2G GSM network has been shut down in some countries and more and more telecommunication carriers are beginning to retire their 2G network towers, like AT&T’s 2G network fully retired by January 2017 and T-mobiles 2G GSM networks by 2020 in favor of their faster 3G and 4G networks. So “2G sunset is coming, what should I do?” Here are the top things you need to know:
What is the 2G sunset and why does it matter?
Carriers are looking to repurpose the towers in their network for 3G and 4G service that delivers much faster speeds and larger bandwidth capable of handling things like video conferences, streaming and other large data packets. So many carriers are taking down their 2G towers.
What will the sunset effect 2G customers?
If you ask “should I worry about the 2G sunset?” of course the answer is Yes. AT&T was one of the first to phase out all of its 2G GSM wireless service since January 1, 2017. Several other carriers have also announced plans to eventually sunset 2G. See the carrier 2G shutdown list.
What should I do?
In order to prepare effectively for the 2G sunset, you need to understand what carrier your 2G devices are using and how long that carrier is planning to support them. Contact that provider to understand their roadmap for the 2G sunset and to ensure you are purchasing for an appropriate timeframe on that 2G GSM network. If your carrier has no 2G sunset plan yet, you can keep purchasing GSM network product. If your carrier already has the sunset plan, upgrade to 3G products soon.
The 2G sunset is presenting with challenges and complexities. Don’t worry; we can make it easier for you.

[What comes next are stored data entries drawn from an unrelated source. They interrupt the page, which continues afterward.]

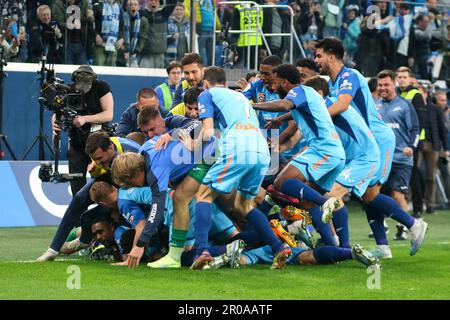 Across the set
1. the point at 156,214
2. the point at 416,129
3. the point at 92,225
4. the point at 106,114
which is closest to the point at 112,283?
the point at 156,214

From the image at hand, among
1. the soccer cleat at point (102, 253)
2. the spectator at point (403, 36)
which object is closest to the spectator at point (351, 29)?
the spectator at point (403, 36)

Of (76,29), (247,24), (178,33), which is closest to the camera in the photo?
(76,29)

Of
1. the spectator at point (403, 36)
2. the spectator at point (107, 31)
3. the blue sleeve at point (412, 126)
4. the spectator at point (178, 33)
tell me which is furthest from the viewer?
the spectator at point (403, 36)

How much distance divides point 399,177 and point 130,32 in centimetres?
504

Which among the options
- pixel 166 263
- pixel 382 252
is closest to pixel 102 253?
pixel 166 263

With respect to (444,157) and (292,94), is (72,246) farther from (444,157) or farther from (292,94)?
(444,157)

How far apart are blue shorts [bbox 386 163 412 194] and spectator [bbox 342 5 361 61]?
18.0ft

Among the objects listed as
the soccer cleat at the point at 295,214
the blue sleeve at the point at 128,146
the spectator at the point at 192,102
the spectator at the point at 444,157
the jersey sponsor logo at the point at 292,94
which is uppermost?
the jersey sponsor logo at the point at 292,94

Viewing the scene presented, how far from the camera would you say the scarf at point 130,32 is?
1736 cm

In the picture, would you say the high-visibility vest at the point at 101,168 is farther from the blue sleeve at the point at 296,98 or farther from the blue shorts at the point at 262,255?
the blue sleeve at the point at 296,98

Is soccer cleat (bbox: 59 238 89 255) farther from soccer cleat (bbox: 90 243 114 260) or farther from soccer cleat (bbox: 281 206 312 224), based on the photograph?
soccer cleat (bbox: 281 206 312 224)

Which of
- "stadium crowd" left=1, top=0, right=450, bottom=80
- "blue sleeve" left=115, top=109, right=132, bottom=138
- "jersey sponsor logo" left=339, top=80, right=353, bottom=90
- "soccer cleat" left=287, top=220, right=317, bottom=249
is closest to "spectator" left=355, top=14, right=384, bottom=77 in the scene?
"stadium crowd" left=1, top=0, right=450, bottom=80

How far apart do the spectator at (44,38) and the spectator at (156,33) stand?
63.2 inches

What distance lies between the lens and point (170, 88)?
1459cm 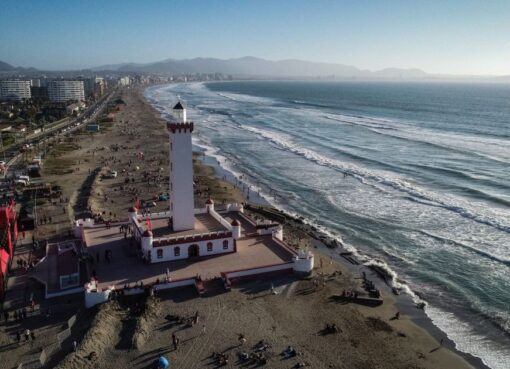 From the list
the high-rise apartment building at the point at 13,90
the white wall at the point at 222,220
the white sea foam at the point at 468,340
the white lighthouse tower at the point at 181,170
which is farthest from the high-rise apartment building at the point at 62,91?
the white sea foam at the point at 468,340

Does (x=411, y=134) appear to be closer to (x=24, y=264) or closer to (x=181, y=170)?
(x=181, y=170)

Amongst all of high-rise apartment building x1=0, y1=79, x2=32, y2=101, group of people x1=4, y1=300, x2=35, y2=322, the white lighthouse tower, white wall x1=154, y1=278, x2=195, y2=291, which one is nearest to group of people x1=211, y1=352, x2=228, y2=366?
white wall x1=154, y1=278, x2=195, y2=291

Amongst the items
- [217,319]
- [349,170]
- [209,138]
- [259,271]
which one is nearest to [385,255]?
[259,271]

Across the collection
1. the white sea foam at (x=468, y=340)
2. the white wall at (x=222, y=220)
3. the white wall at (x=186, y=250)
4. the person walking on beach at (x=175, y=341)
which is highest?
the white wall at (x=222, y=220)

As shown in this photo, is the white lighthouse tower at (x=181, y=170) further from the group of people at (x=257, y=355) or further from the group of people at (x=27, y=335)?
the group of people at (x=257, y=355)

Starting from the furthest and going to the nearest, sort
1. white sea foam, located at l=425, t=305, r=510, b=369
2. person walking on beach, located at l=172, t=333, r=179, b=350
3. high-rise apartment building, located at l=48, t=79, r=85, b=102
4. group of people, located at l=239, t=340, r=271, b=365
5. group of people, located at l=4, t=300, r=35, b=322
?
high-rise apartment building, located at l=48, t=79, r=85, b=102
group of people, located at l=4, t=300, r=35, b=322
white sea foam, located at l=425, t=305, r=510, b=369
person walking on beach, located at l=172, t=333, r=179, b=350
group of people, located at l=239, t=340, r=271, b=365

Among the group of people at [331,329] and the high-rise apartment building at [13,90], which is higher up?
the high-rise apartment building at [13,90]

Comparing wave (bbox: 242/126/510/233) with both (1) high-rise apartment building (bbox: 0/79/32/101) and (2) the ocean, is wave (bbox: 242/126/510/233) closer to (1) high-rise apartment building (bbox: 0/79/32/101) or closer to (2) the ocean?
(2) the ocean

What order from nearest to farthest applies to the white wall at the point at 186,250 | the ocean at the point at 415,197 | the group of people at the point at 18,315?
the group of people at the point at 18,315
the ocean at the point at 415,197
the white wall at the point at 186,250

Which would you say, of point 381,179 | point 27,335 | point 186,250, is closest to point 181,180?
point 186,250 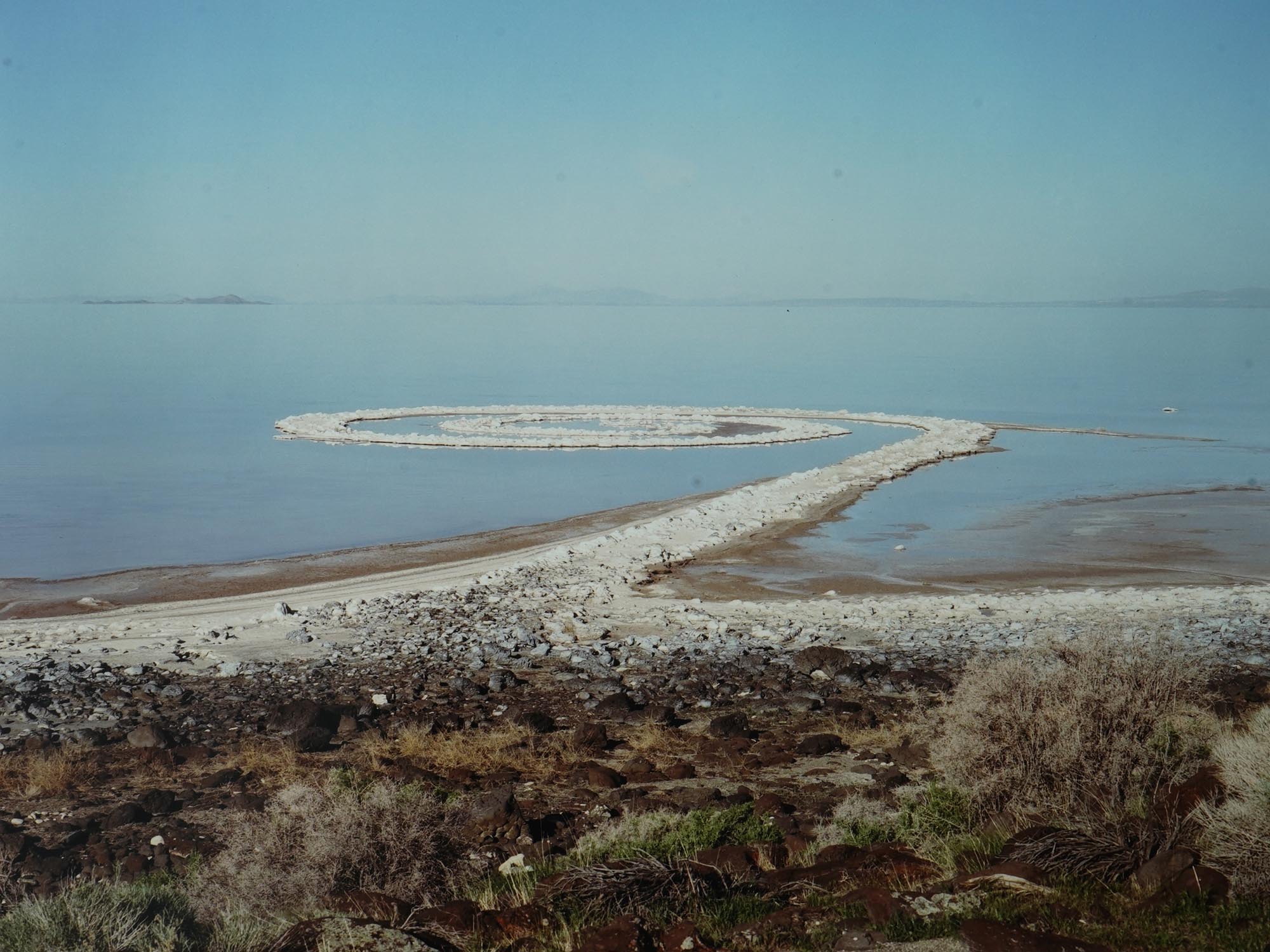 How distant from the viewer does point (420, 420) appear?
53.0 meters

Yeastar provides 3G/WCDMA-compatible VoIP products: TG-WCDMA gateway and S-Series IPPBX WCDMA module.
Flexible Installation: with modular design in S-Series PBX, you can just change one module to upgrade it without changing PBX.
For MyPBX customers, if you still want to use cellular connectivity, we suggest that you purchase a new TG-WCDMA gateway.
Be 2G-Sunset-ready and able to tap into improvements such as wider reach, more reliable connections and faster network access with Yeastar products!
2G Shutdown List
Telstra shut down their GSM network on 1 December 2016 and was the first mobile provider in Australia to say goodbye to 2G. However, Telstra continues to operate their GSM network on Christmas Island, meaning people who are travelling from Christmas Island to mainland Australia (including Tasmania) will need a device that is compatible with 3G 850MHz (at least) to remain connected.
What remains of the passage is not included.